:: TASK OBJECTIVE ::
Each entry below is to be transcribed exactly; pictures are not copied.

:: AVAILABLE DATA ::
- - - - -

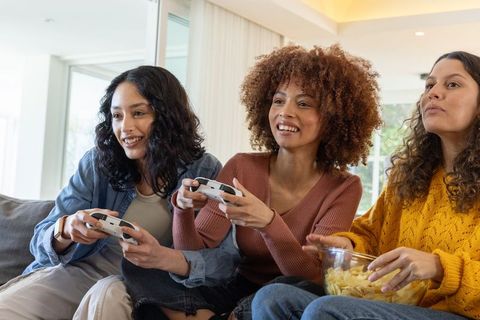 Friends gaming night at home playing console games, laughing, snacking on chips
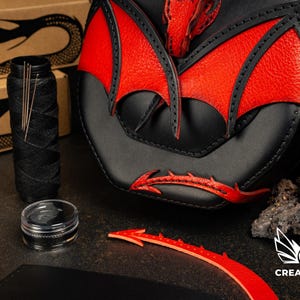 Op de afbeelding: Een zwart en rood lederen tas met een drakenvleugelontwerp, vergezeld door een klos zwart garen, naainaalden, een klein potje zwarte was en losse rode lederen uitsparingen, met het Creative Awl logo zichtbaar in de hoek.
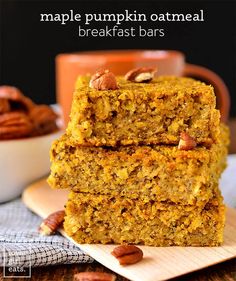 three pieces of pumpkin oatmeal breakfast bars stacked on top of each other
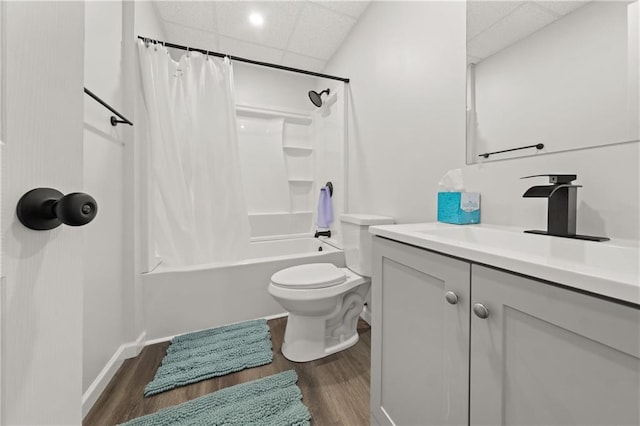 full bathroom featuring a drop ceiling, vanity, shower / bath combination with curtain, and wood-type flooring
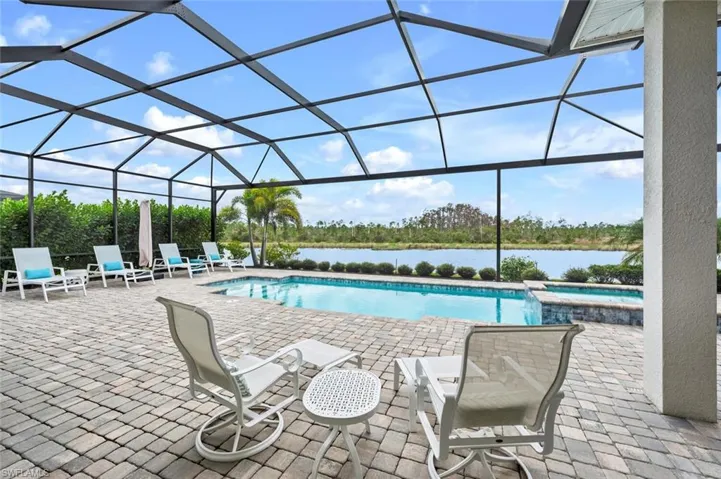 View of heated salt water pool w/spa, and amzing canal views.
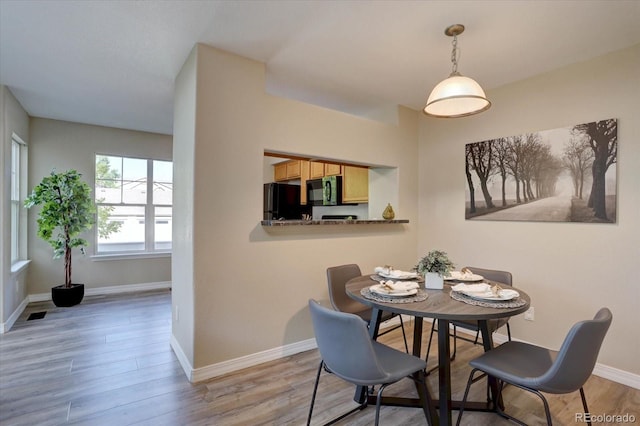 12812 Jasmine St Unit D, Thornton, CO 80602 - dining space featuring wood finished floors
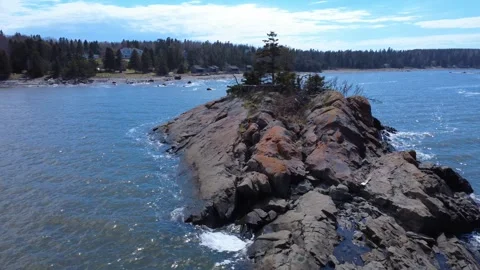 Drone flight over a rugged Paleozoic rock ridge near Pointe-Mitis Lighthouse Stock Footage 337323040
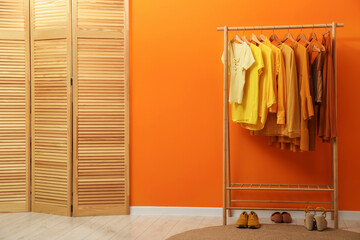Rack with different stylish women's clothes, shoes and wooden folding screen near orange wall indoors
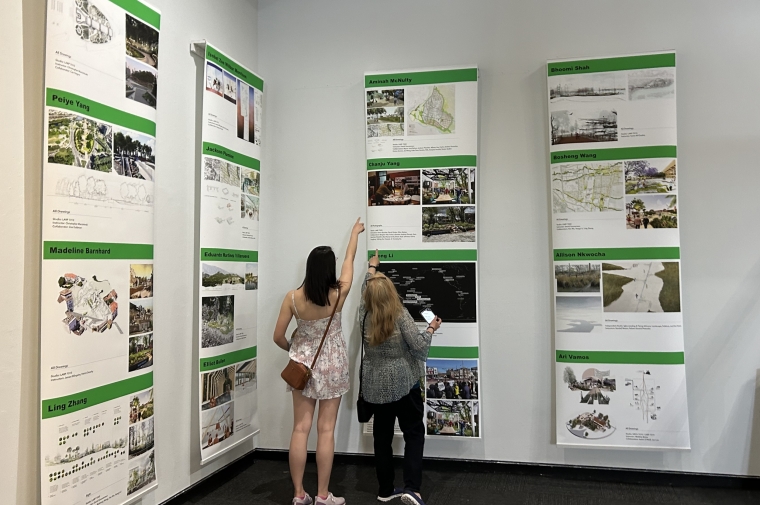 Two women gesture towards a printed rendering hung in a white gallery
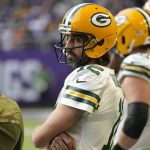 
              Green Bay Packers quarterback Aaron Rodgers (12) stands on the sideline during the second half of an NFL football game against the Minnesota Vikings, Sunday, Nov. 21, 2021, in Minneapolis. (AP Photo/Jim Mone)
            
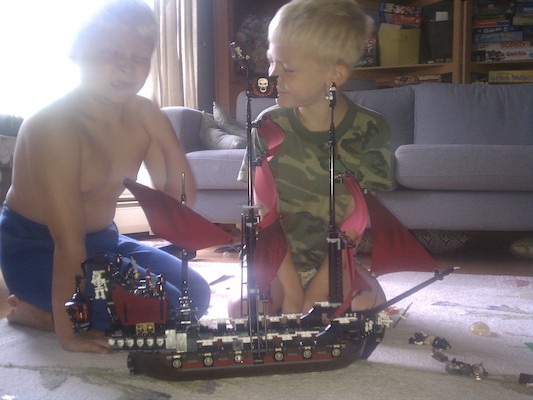 Tim and Cole building the Lego Queen Anne's Revenge (08-13-2011 08:20)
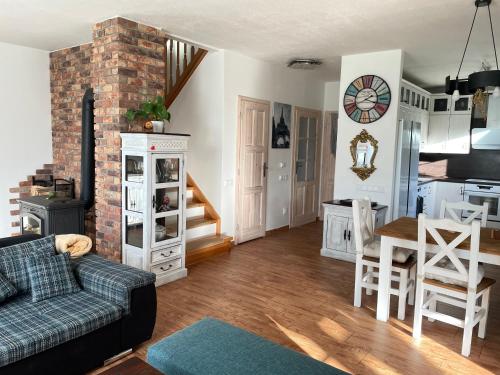a living room and kitchen with a couch and a table at Veselka in Dolní Bousov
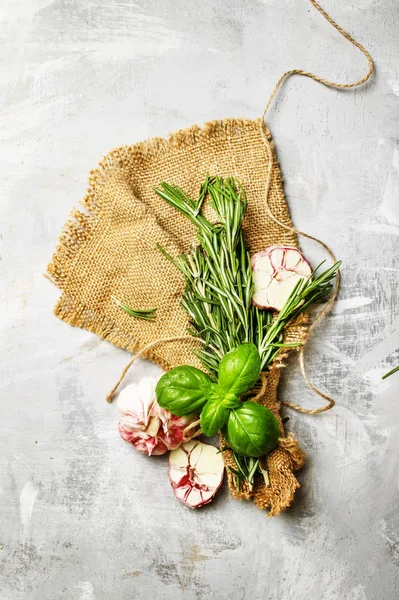 Fresh rosemary, green basil, pink garlic on canvas napkin — Stock Photo, Image
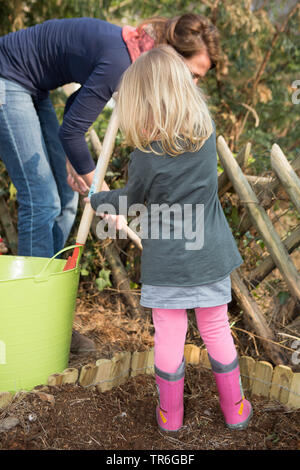 Kleines Mädchen mit rosa Gummistiefel Gartenarbeit mit der Mutter, Deutschland Stockfoto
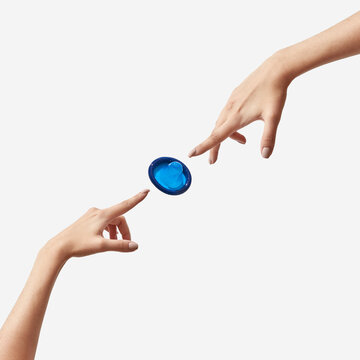 Two hands with flying condom.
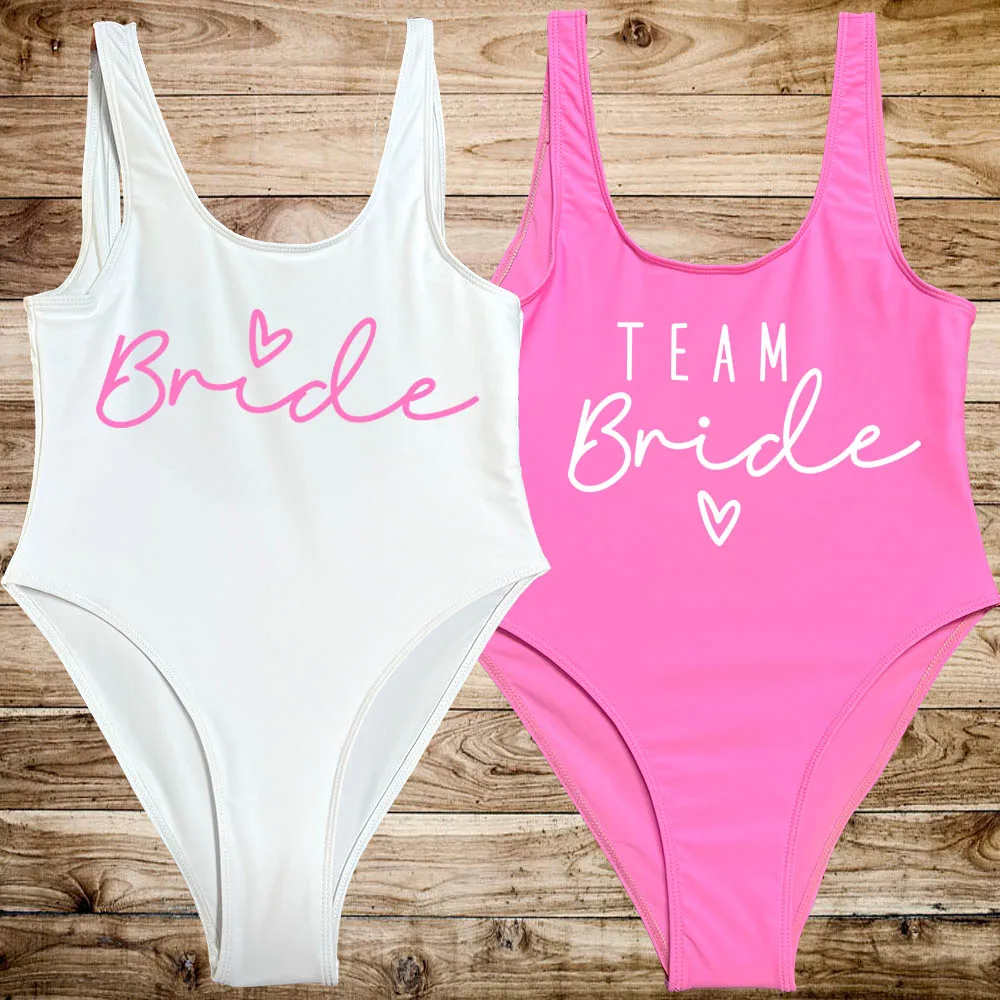 

Pink TEAM Bride Heart Print One Piece Swimsuit Women Swimwear High Cut Low Back Sexy Bodysuit Bachelorette Party Bathing Suit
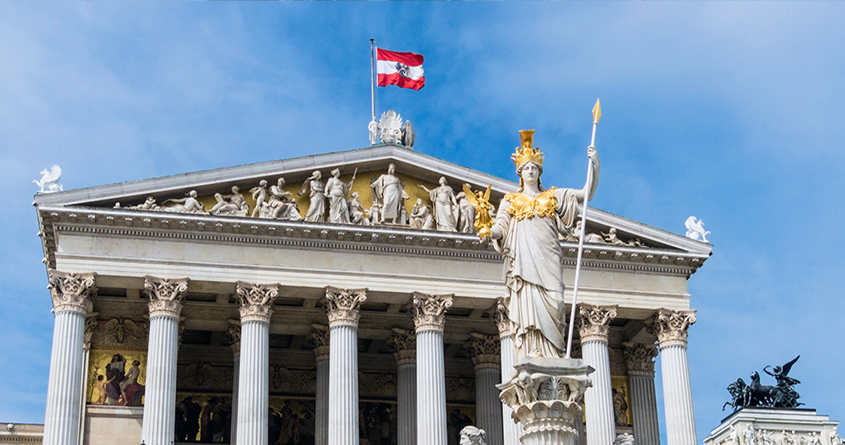 Bilde av parliamentet i Wien med et østerriksk flagg.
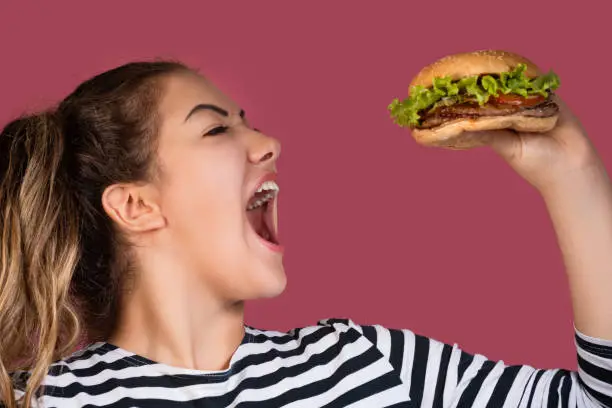 Crazy hungry cool girl in striped t-shirt eating hamburger in profile over colorful pink background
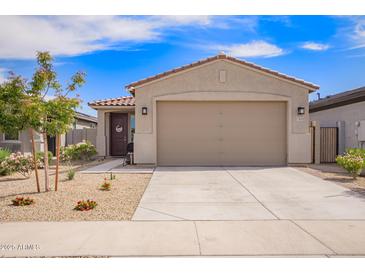 Charming single-story home showcasing a two-car garage and low-maintenance desert landscaping under a bright blue sky at 17431 W Via De Luna Dr, Surprise, AZ 85387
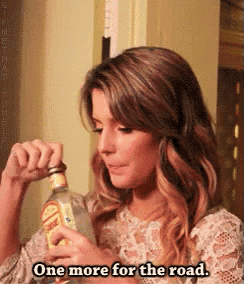a woman is drinking a bottle of tequila and saying one more for the road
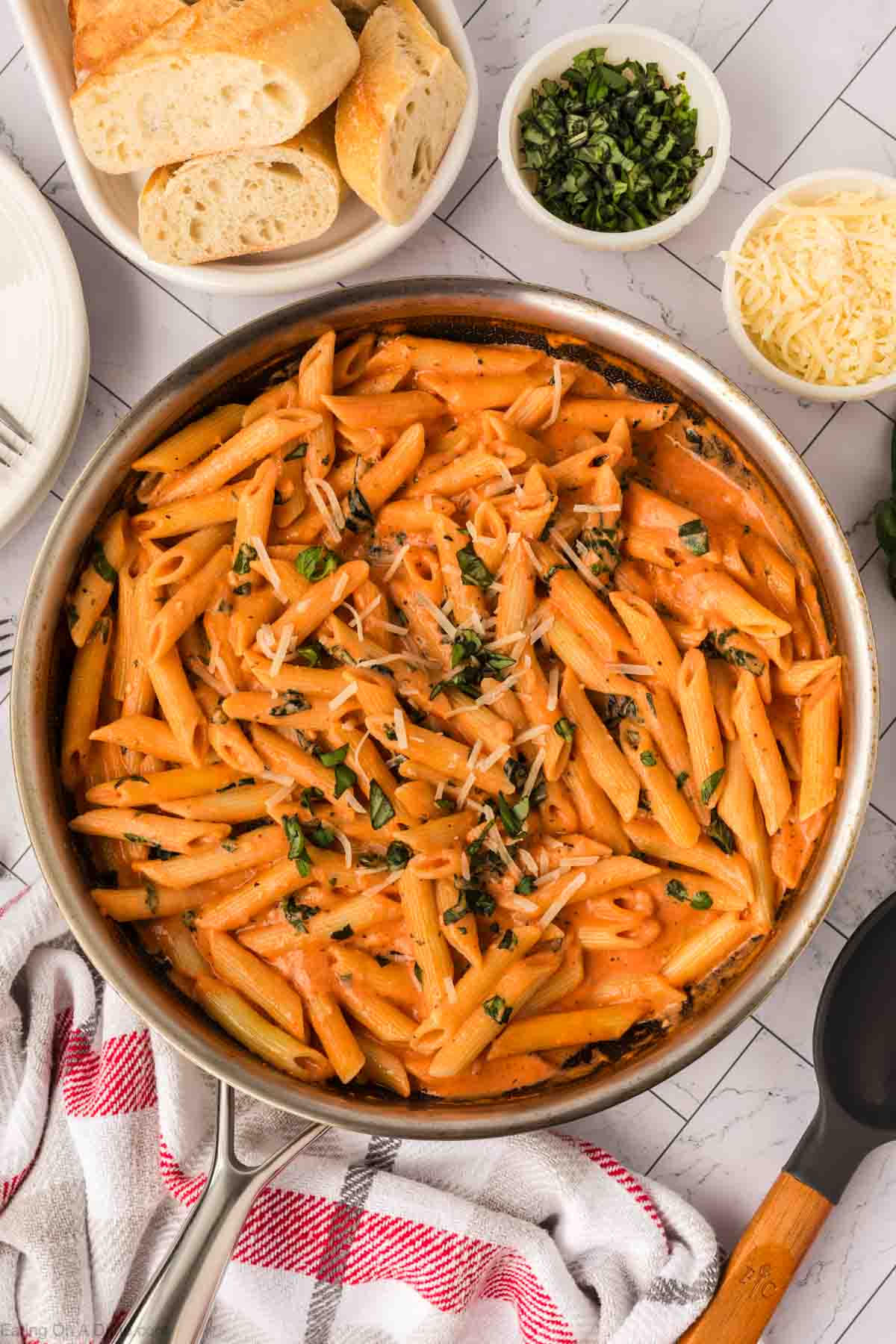A skillet filled with Creamy Tomato Basil Pasta, topped with chopped basil and grated cheese. Surrounding the skillet are a plate of sliced bread, a bowl of shredded cheese, and fresh herbs on a white surface.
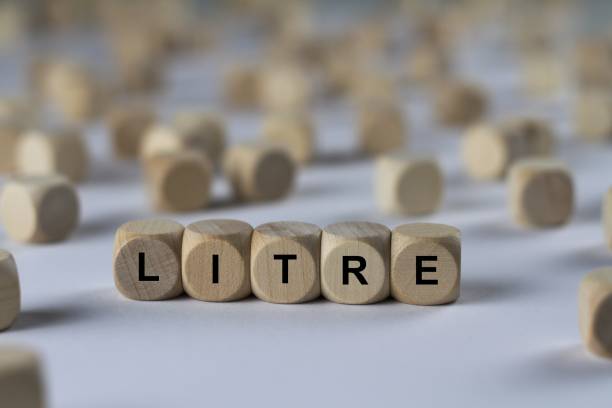 istock litre - cube with letters, sign with wooden cubes 800840578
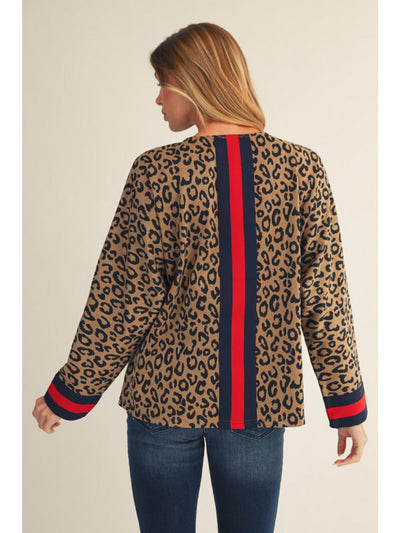 Woman wearing a leopard print jacket with red and blue accents on a beige background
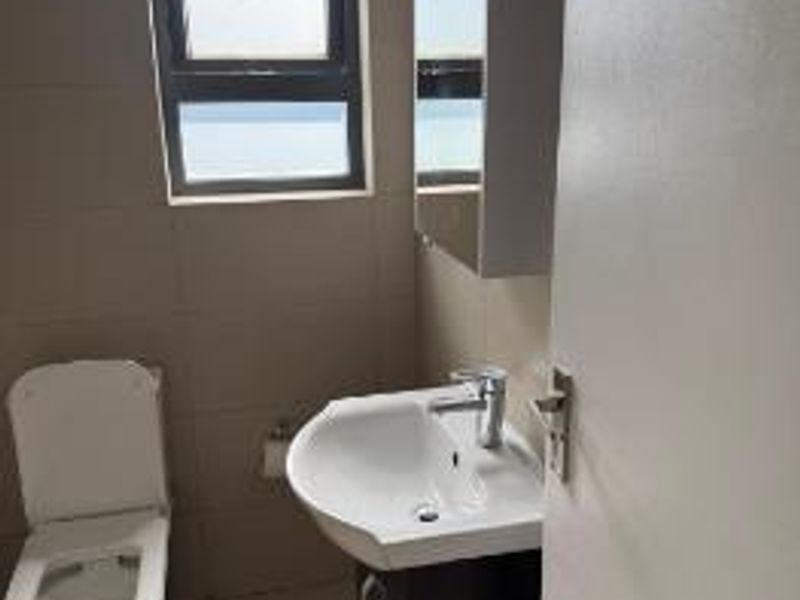 A clean and functional bathroom featuring a modern vanity basin, toilet, and tiled finishes, providing a neutral space ready for personal touches.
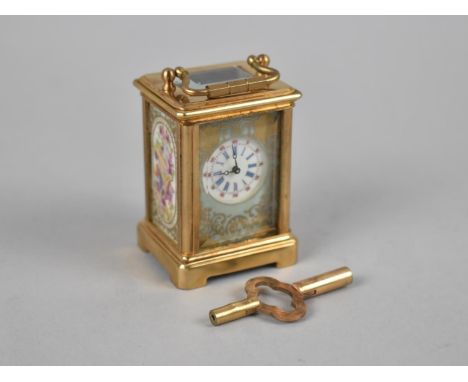 A Reproduction Miniature Gilt Brass and Sevres Style Porcelain Panel Carriage Clock, With Key and Working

- - - - -

:: COMPLETED EXERCISE ::
 Friends gaming night at home playing console games, laughing, snacking on chips
 Op de afbeelding: Een zwart en rood lederen tas met een drakenvleugelontwerp, vergezeld door een klos zwart garen, naainaalden, een klein potje zwarte was en losse rode lederen uitsparingen, met het Creative Awl logo zichtbaar in de hoek.
 three pieces of pumpkin oatmeal breakfast bars stacked on top of each other
 full bathroom featuring a drop ceiling, vanity, shower / bath combination with curtain, and wood-type flooring
 View of heated salt water pool w/spa, and amzing canal views.
 12812 Jasmine St Unit D, Thornton, CO 80602 - dining space featuring wood finished floors
 Drone flight over a rugged Paleozoic rock ridge near Pointe-Mitis Lighthouse Stock Footage 337323040
Rack with different stylish women's clothes, shoes and wooden folding screen near orange wall indoors
 Two women gesture towards a printed rendering hung in a white gallery
              Green Bay Packers quarterback Aaron Rodgers (12) stands on the sideline during the second half of an NFL football game against the Minnesota Vikings, Sunday, Nov. 21, 2021, in Minneapolis. (AP Photo/Jim Mone)
            
 Tim and Cole building the Lego Queen Anne's Revenge (08-13-2011 08:20)
a living room and kitchen with a couch and a table at Veselka in Dolní Bousov
 Fresh rosemary, green basil, pink garlic on canvas napkin — Stock Photo, Image
 Kleines Mädchen mit rosa Gummistiefel Gartenarbeit mit der Mutter, Deutschland Stockfoto
 Two hands with flying condom.

Pink TEAM Bride Heart Print One Piece Swimsuit Women Swimwear High Cut Low Back Sexy Bodysuit Bachelorette Party Bathing Suit
 Bilde av parliamentet i Wien med et østerriksk flagg.
 Crazy hungry cool girl in striped t-shirt eating hamburger in profile over colorful pink background
 Charming single-story home showcasing a two-car garage and low-maintenance desert landscaping under a bright blue sky at 17431 W Via De Luna Dr, Surprise, AZ 85387
a woman is drinking a bottle of tequila and saying one more for the road
A skillet filled with Creamy Tomato Basil Pasta, topped with chopped basil and grated cheese. Surrounding the skillet are a plate of sliced bread, a bowl of shredded cheese, and fresh herbs on a white surface.
 istock litre - cube with letters, sign with wooden cubes 800840578
 Woman wearing a leopard print jacket with red and blue accents on a beige background
 A clean and functional bathroom featuring a modern vanity basin, toilet, and tiled finishes, providing a neutral space ready for personal touches.
 A Reproduction Miniature Gilt Brass and Sevres Style Porcelain Panel Carriage Clock, With Key and Working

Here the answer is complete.